Wednesday, June 13, 2012

Nautical Phrase Myths

While at Opsail 2012, I heard three completely different mistakes about the origins of words or phrases. There is a lesson to be learned here.

The first one came from a group representing the "World of 1812". There was a display of military items and someone asked if a piece was a carbine? A costumed boy in his late teens said, 'no, it was a musket.'

I looked at the piece and pointed out that it was carbine length. This was easy to verify because the display included a full musket. The boy confidently claimed that they called everything a musket, regardless of the length and that carbines did not exist until rifles were invented.

It so happens that I had looked up carbines recently and I know that the word goes back 200 years before 1812 (1590 to be exact). I mentioned that I have a 1640s carbine and I think he got the idea that I knew what I was talking about. At least he stopped arguing.

There were two problems here. The first is that you have to be very careful about your source material when you start arguing with the public. They have the world at their fingertips. I could easily have used my smartphone to show him that the gun in question is sold as a "1809 marine carbine" or have shown him the Wikipedia entry on carbines.

The other problem is that you should not assume that wearing a costume makes you an expert.

The next myth was much worse because of its source. The Bounty had a display of the mess area with signs above that offered information. One of them said that sailors used their elbows to keep their food from sliding around. Sailors were prime candidates for press gangs on shore so anyone who ate with his elbows on the table was at risk of being pressed.

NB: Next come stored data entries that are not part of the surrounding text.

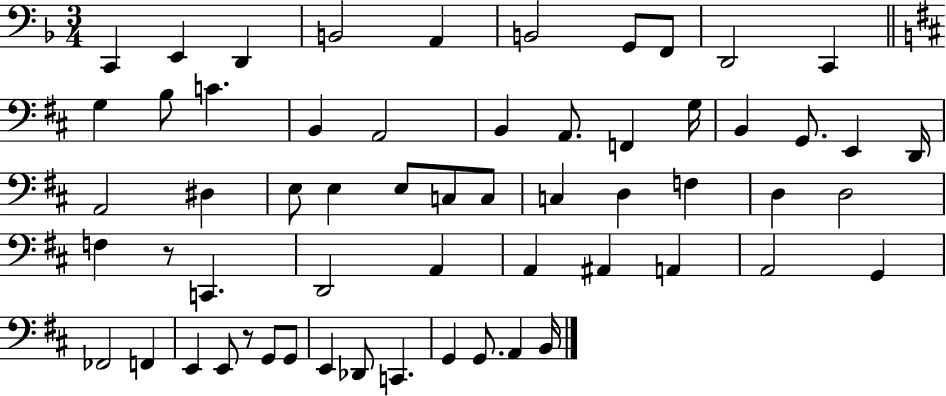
X:1
T:Untitled
M:3/4
L:1/4
K:F
C,, E,, D,, B,,2 A,, B,,2 G,,/2 F,,/2 D,,2 C,, G, B,/2 C B,, A,,2 B,, A,,/2 F,, G,/4 B,, G,,/2 E,, D,,/4 A,,2 ^D, E,/2 E, E,/2 C,/2 C,/2 C, D, F, D, D,2 F, z/2 C,, D,,2 A,, A,, ^A,, A,, A,,2 G,, _F,,2 F,, E,, E,,/2 z/2 G,,/2 G,,/2 E,, _D,,/2 C,, G,, G,,/2 A,, B,,/4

It doesn't take a minute to debunk this. Just try eating while holding your plate still with your elbows. You can't do it.

The admonition against elbows on the table was referring to people who bent over their food, supporting themselves with their elbows and shoveled the food into their mouths. The idea is that you should sit up straight, supported by your back instead of your elbows. This is an example of trying to attribute a nautical explanation to everyday things.

Since this was on an official sign, the Bounty has no excuse.

The last example has nothing to do with Opsail. It just happened to come at the same time. A trivia slide on Pawn Stars said that "Mind your Ps and Qs" refers to the tab that a sailor would have with the ship and referred to quarts and pints.

I have heard the quarts and pints explanation before. Attributing it to ships is new.

The expression itself should be taken at face value. The letters P and Q look similar and "Mind your Ps and Qs" is a warning to be extra careful. The part about the bar tab just adds a little to the explanation. It is still based on the two looking alike. This is making a simple explanation more complicated. The part about it being the tab on a ship is an example of attributing everything to a nautical origin.

Note, you can make a strong case for it coming from printers since type is backwards which makes it easy to mix up the two.

The moral of all of this is to check your sources, don't needlessly complicate things, and remember that a story that is too good to be true probably is false.